Undoubtedly, Life will place us in contexts we never imagined for ourselves. In each situation, there will be a temptation to please people, society and do what others want us to do. But if we can overcome that tendency and just be ourselves, we will have lived remarkably!
PS: This post has been edited. The name of my boss has been dropped and I refer to him now as Mr.X.
It is when you feel love, loss, joy and pain, that you can even know that you can’t ever understand Life!
A reader of my Book Fall Like A Rose Petal (Westland) reached out to me a couple of weeks ago wanting to send me a book of his choice. The book, My Little Epiphanies (Bloomsbury), by Aisha Chaudhary, arrived over the weekend. I finished reading it in one sitting last evening. Aisha passed away, at 18, on 24th January 2015. She had S.C.I.D (severe combined immune deficiency). Before she left this world, Aisha shared her most intimate thoughts – her joys, her inspirations, her fears and anything that told her more about herself and Life – in the form of My Little Epiphanies. All of 70 pages, the book is a rare, and profound, collection of very mature perspectives on Life. Coming as it does from an 18-year-old, it amazed me. The book does not tell a story, it is not a biography, it is not an account of her pain and hopelessness, fighting as a she was, a losing battle against Life, for her Life. To me, My Little Epiphanies, is a way for you, the reader, to discover the opportunity to be the light yourself, when you are going through a dark, seemingly endless, tunnel.
Sample here my selection of Aisha’s most profound thoughts from the book:
Are we living to die? Or are we dying to live? I want to do the latter.
If Life is a stop in the station, I must admit I don’t want to get on to the coming train.
I think we are the truest versions of ourselves at night before we go to sleep, just before we close our eyes.

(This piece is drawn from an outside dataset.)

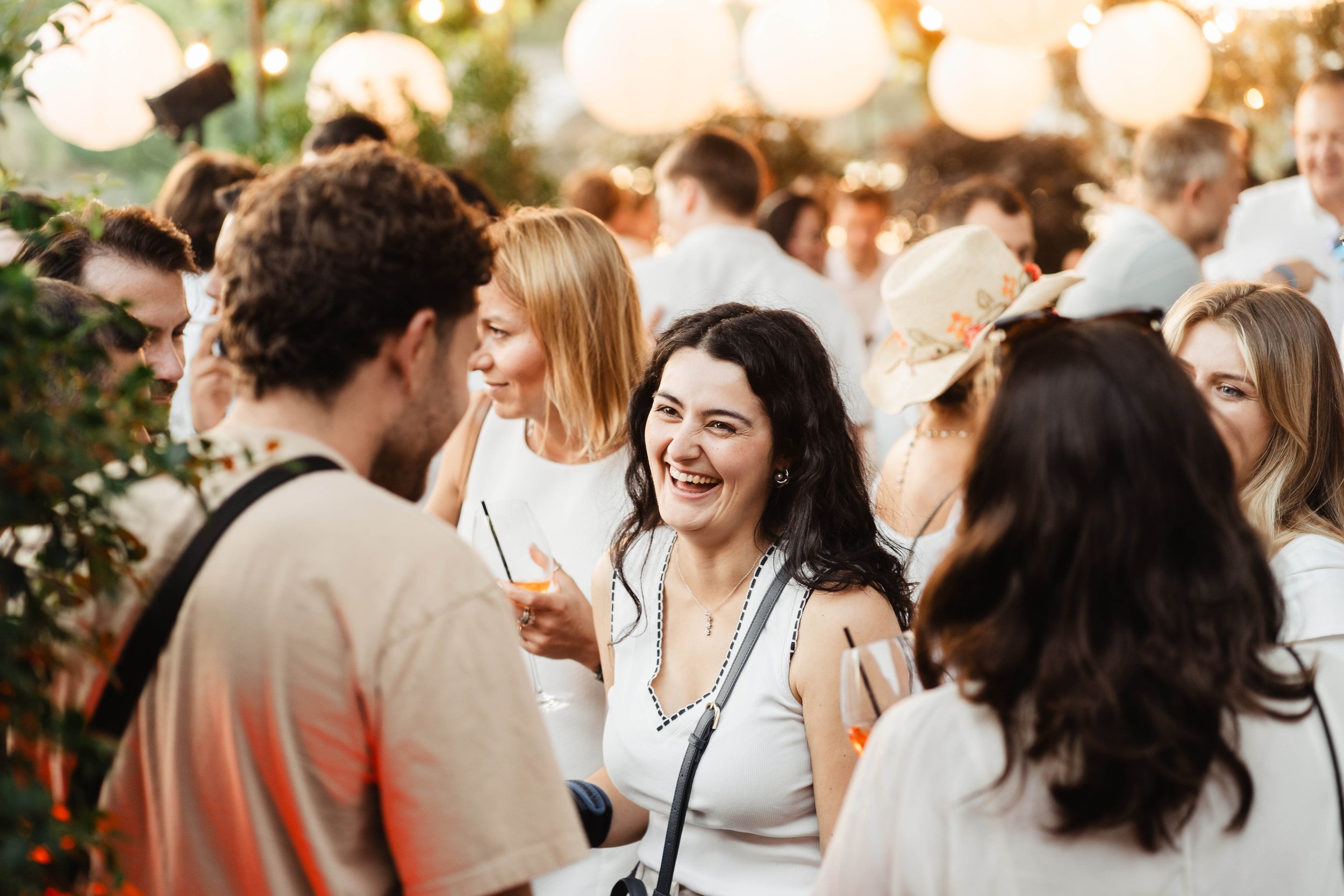 People socializing at an outdoor gathering with warm lighting and lanterns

If you feel like things aren’t moving, there is a cure for that, and that is time.
Happiness comes in all shapes and sizes; you just have to find the one that fits you best.
If you can’t change your own Life, there’s always someone else’s.
Pain lingers in the mind longer than it really lasts.
What was, is not.
My Little Epiphanies will stay with me for a long, long time. Not because I feel sorry for Aisha. But because I am grateful to her.
She reiterates what I have always believed in – that it is very important to be honest with your feelings. You don’t have to always be strong in the face of a Life situation. You just have to be yourself – even if it means you are being vulnerable! In sharing her deepest thoughts, Aisha helps us connect with the way we often feel when pinned down by Life. Reading her book, I felt that she was telling us that it is fine if you feel low and miserable some days. It is fine if you feel beaten and burnt out. It is fine if nothing makes sense. Most important, Aisha makes no claims about knowing more about Life either or how it must be dealt with. At almost her parents’ – Aditi’s and Niren’s – age, I couldn’t agree more. I certainly don’t know what Life is all about. So, to me, being honest and wearing your Life on your sleeve, is the only way forward in living this inscrutable Life!
I consider it a blessing that I came across My Little Epiphanies. I found inspirations in Aisha’s reflections there. Inspirations, that I believe, will give me enough energy to last longer on my journey. They say, when the student is ready, the teacher shall appear. I guess this is true of a seeker too. Almost always, an Angel will lead the way…helping you be the light that you are seeking!